YOUR GOAL — Among the lines of the material below, count those holding "Street". Report the number by itself.
□ □ □
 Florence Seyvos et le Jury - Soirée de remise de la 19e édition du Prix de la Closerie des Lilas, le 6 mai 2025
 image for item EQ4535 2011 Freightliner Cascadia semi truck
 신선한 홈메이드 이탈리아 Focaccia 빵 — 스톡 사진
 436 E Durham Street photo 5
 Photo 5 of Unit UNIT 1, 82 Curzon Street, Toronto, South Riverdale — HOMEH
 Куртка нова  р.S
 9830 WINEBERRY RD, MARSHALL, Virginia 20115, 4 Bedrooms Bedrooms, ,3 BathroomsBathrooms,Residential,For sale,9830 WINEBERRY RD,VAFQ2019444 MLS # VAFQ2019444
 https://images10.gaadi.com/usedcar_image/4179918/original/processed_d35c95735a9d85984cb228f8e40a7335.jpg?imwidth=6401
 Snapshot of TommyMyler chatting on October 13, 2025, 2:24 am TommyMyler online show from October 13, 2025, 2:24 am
□ □ □
OUTPUT OF THE TASK — 2